I like projects. I like bread. I like bread projects. Case in point: baguettes. While the consumption of the venerated French style baguette couldn’t be easier – simply tear off a chunk, take it plain, slather it with butter or cheese, or dip it in some saucy sauce and then deposit in your mouth for mastication – the making of a good baguette is a bit more challenging.  But I like a good challenge so, a couple days ago I attempted to make baguettes following the recipe and instructions of Chad Robertson’s Tartine Bread book, a book for which I’ve developed rather deep emotional feelings.  I would say love would be an appropriate definition of those feelings.

Since my first attempt at the Tartine country loaf, I’ve made several loaves and while I can’t say I’ve mastered the technique, I have become quite comfortable with it and I’ve gotten a feel for how flour, water, yeast (in the form of the natural leaven) and time interact to produce certain results.

Ah, the good ol' country loaf.
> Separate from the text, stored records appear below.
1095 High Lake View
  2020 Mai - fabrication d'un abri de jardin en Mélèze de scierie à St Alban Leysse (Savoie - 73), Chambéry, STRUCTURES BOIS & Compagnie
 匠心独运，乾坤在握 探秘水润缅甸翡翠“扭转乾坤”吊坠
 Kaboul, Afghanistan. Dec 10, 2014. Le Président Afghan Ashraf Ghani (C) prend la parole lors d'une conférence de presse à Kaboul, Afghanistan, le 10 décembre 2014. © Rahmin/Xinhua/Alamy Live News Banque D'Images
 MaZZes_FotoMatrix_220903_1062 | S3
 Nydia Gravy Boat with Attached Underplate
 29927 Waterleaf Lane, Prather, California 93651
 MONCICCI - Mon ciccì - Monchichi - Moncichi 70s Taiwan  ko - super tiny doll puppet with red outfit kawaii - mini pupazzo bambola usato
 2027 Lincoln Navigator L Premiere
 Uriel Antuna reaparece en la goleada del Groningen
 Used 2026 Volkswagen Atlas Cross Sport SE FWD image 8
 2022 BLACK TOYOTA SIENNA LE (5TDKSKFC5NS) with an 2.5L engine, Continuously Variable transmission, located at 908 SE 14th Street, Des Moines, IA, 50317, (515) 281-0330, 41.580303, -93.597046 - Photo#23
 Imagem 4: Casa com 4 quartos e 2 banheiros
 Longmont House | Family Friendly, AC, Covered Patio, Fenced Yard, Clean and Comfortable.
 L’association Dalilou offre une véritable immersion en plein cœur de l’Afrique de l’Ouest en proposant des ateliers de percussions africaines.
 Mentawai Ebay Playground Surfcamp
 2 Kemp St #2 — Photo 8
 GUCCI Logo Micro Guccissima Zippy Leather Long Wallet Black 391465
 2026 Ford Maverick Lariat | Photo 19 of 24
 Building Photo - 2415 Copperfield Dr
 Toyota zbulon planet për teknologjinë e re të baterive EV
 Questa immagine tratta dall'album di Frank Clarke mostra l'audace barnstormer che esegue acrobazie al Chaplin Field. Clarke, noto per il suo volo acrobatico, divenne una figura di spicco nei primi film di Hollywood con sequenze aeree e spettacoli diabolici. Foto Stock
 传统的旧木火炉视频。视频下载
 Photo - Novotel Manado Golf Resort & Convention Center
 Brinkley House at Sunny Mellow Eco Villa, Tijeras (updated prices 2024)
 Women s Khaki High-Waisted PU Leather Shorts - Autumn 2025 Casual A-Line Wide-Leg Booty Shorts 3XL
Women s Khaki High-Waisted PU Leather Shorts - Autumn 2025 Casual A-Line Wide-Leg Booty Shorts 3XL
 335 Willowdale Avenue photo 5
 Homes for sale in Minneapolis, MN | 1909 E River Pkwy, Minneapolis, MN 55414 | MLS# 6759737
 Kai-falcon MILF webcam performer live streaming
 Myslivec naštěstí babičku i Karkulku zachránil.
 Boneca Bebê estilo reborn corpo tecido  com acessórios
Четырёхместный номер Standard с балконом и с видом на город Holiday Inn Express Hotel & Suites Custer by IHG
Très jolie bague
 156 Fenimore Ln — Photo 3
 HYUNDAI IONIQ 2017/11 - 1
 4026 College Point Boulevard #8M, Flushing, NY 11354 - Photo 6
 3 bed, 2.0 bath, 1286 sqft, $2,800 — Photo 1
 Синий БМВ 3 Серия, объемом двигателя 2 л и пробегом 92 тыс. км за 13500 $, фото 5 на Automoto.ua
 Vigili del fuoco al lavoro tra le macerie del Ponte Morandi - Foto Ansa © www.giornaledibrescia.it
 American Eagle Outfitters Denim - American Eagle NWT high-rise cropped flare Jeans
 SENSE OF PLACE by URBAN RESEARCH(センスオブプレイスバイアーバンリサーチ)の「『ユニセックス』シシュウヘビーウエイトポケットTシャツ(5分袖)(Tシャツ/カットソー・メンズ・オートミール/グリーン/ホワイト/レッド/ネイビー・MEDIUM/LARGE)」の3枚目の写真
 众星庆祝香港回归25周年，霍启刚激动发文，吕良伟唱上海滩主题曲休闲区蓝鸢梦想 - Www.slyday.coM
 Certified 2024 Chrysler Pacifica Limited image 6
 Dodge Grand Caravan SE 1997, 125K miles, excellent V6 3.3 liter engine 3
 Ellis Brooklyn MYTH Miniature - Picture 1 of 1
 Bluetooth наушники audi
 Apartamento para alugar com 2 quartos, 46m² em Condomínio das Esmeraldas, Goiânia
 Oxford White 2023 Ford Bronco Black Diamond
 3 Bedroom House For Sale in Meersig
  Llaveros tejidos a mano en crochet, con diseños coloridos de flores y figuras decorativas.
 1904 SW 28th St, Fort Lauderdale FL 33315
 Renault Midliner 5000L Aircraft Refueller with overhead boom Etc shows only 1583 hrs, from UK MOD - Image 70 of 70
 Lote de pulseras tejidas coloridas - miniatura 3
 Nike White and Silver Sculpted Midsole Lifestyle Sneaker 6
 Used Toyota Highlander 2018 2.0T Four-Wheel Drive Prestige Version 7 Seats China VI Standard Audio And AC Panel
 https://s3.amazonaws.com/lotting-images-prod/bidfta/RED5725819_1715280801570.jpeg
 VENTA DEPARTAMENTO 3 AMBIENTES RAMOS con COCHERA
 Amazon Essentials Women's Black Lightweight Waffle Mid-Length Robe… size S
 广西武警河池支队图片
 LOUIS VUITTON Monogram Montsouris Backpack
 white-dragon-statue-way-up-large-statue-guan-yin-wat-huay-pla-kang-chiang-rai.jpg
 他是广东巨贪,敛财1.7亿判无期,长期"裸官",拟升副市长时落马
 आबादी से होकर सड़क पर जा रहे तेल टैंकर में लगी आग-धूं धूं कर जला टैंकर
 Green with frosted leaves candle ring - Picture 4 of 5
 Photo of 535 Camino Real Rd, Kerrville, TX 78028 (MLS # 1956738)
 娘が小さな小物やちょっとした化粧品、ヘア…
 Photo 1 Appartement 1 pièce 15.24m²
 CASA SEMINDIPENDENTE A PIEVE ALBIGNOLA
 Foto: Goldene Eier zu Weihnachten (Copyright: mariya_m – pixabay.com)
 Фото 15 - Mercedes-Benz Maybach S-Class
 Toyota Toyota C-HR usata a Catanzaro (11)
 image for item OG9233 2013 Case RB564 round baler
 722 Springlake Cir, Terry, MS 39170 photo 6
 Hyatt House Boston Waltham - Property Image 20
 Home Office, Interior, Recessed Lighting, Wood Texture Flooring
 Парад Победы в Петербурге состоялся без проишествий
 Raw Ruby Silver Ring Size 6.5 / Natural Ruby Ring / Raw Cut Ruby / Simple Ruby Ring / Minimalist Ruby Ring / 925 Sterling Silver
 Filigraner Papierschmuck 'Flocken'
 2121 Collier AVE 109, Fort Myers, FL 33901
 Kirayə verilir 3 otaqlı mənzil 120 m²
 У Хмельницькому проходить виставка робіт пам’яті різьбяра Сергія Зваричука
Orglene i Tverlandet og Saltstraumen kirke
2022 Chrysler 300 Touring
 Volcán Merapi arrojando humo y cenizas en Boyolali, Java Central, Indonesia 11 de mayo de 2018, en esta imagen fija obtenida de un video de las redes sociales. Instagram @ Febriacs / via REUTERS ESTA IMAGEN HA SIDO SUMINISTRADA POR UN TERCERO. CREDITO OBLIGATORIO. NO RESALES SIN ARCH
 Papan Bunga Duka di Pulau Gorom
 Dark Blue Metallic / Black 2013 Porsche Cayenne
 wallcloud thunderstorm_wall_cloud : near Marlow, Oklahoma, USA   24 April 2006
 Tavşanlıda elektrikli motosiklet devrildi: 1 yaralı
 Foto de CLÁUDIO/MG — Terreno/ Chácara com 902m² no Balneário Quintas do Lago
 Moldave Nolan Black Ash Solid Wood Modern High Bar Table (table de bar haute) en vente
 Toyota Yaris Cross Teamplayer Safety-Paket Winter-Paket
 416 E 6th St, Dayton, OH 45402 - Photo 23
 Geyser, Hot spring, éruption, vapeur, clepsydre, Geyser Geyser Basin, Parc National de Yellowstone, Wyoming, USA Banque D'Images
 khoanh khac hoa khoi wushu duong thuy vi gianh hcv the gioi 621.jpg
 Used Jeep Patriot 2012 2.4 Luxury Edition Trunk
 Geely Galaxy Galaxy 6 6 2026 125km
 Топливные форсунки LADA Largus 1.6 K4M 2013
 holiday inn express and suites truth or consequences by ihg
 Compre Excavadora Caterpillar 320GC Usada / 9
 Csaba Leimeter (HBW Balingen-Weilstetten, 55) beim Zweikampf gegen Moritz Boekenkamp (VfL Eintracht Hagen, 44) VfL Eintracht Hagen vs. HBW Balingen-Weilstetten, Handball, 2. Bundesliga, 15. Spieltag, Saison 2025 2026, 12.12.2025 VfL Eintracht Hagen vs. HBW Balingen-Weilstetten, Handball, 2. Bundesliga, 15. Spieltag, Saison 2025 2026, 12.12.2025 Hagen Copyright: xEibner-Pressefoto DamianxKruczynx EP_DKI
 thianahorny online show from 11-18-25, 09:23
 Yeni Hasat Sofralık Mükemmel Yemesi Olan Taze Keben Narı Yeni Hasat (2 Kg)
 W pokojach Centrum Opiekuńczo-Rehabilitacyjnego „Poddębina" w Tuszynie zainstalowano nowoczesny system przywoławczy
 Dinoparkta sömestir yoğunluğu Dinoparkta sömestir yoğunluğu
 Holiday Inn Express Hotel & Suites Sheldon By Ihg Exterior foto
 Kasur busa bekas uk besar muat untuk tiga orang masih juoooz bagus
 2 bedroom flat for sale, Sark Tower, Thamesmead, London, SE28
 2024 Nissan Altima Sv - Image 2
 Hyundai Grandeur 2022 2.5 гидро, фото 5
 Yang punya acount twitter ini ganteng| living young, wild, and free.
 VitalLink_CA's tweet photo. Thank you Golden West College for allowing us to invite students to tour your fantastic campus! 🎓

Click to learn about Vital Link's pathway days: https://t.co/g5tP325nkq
It's like sitting in your favorite chair, comfortable and reliable. (spoiler alert: baguettes in the background)

Now here’s where baguettes are different.  In addition to using a natural leaven, Robertson’s baguette recipe also calls for the use of commercial yeast in the form of a poolish (basically a leaven made with packaged active dry yeast instead of natural sourdough starter).  I know that the whole point of instant yeast is to be active and spark that fermentation process , but my God, the dial on on this yeast went up to eleven (that’s a Spinal Tap allusion, for all you non-nerds).  As per Tartine instructions I made the poolish (1.5 gram of active drive yeast + 1oo grams of flour + 100 grams of water) the night before I planned on making the baguette dough.  But within an hour of mixing the poolish, it was already rising over the walls of the bowl.  To slow it down a bit, I stirred out the air bubbles and I put the poolish in the refrigerator overnight which seemed to do the trick.  But that yeasty hyperactivity reasserted itself when I made up the dough.  It was like dealing with a hyperactive kid who’s eaten a breakfast of Honey Smacks in Coca-cola.  The baguette dough rose like crazy through the initial fermentation and during the second rise, after shaping it into three separate baguettes, it continued to bubble with activity.  So instead of the neat, svelte baguettes which I was hoping for, I ended up with rather bloated baguettes like Italian loaves you find in the grocery store.  Nevertheless, they were texturally really good with a nice crust and a chewy and airy interior.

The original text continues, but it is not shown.